(Brief descriptive captions)
· · · ·
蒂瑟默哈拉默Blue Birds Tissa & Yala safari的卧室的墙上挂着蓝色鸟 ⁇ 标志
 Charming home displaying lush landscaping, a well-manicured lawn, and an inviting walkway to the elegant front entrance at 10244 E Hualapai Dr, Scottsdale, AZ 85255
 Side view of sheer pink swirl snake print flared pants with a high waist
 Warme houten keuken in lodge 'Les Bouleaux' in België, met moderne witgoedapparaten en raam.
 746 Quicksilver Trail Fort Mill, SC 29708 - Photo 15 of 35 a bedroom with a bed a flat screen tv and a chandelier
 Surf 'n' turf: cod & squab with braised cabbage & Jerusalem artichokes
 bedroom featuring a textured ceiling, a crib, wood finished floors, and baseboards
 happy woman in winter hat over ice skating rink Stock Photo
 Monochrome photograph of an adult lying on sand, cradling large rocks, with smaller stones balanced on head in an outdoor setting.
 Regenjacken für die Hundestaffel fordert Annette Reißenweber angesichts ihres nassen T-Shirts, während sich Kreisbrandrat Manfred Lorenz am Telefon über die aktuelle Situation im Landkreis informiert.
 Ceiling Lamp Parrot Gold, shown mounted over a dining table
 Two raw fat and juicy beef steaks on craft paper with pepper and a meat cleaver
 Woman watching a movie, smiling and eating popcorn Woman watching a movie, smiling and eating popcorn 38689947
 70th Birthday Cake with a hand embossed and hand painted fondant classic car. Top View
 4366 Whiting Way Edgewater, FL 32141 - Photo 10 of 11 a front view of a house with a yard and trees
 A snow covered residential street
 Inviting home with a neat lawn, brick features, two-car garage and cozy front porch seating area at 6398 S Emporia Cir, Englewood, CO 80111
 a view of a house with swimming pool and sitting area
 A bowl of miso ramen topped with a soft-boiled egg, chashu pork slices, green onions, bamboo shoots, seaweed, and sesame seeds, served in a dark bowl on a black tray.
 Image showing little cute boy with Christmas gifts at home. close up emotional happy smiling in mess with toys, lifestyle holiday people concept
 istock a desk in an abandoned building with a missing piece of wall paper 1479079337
· · · ·
◆ **Task objective**
Retype the data. Keep every word as it stands.

◆ **Task answer**
蒂瑟默哈拉默Blue Birds Tissa & Yala safari的卧室的墙上挂着蓝色鸟 ⁇ 标志
 Charming home displaying lush landscaping, a well-manicured lawn, and an inviting walkway to the elegant front entrance at 10244 E Hualapai Dr, Scottsdale, AZ 85255
 Side view of sheer pink swirl snake print flared pants with a high waist
 Warme houten keuken in lodge 'Les Bouleaux' in België, met moderne witgoedapparaten en raam.
 746 Quicksilver Trail Fort Mill, SC 29708 - Photo 15 of 35 a bedroom with a bed a flat screen tv and a chandelier
 Surf 'n' turf: cod & squab with braised cabbage & Jerusalem artichokes
 bedroom featuring a textured ceiling, a crib, wood finished floors, and baseboards
 happy woman in winter hat over ice skating rink Stock Photo
 Monochrome photograph of an adult lying on sand, cradling large rocks, with smaller stones balanced on head in an outdoor setting.
 Regenjacken für die Hundestaffel fordert Annette Reißenweber angesichts ihres nassen T-Shirts, während sich Kreisbrandrat Manfred Lorenz am Telefon über die aktuelle Situation im Landkreis informiert.
 Ceiling Lamp Parrot Gold, shown mounted over a dining table
 Two raw fat and juicy beef steaks on craft paper with pepper and a meat cleaver
 Woman watching a movie, smiling and eating popcorn Woman watching a movie, smiling and eating popcorn 38689947
 70th Birthday Cake with a hand embossed and hand painted fondant classic car. Top View
 4366 Whiting Way Edgewater, FL 32141 - Photo 10 of 11 a front view of a house with a yard and trees
 A snow covered residential street
 Inviting home with a neat lawn, brick features, two-car garage and cozy front porch seating area at 6398 S Emporia Cir, Englewood, CO 80111
 a view of a house with swimming pool and sitting area
 A bowl of miso ramen topped with a soft-boiled egg, chashu pork slices, green onions, bamboo shoots, seaweed, and sesame seeds, served in a dark bowl on a black tray.
 Image showing little cute boy with Christmas gifts at home. close up emotional happy smiling in mess with toys, lifestyle holiday people concept
 istock a desk in an abandoned building with a missing piece of wall paper 1479079337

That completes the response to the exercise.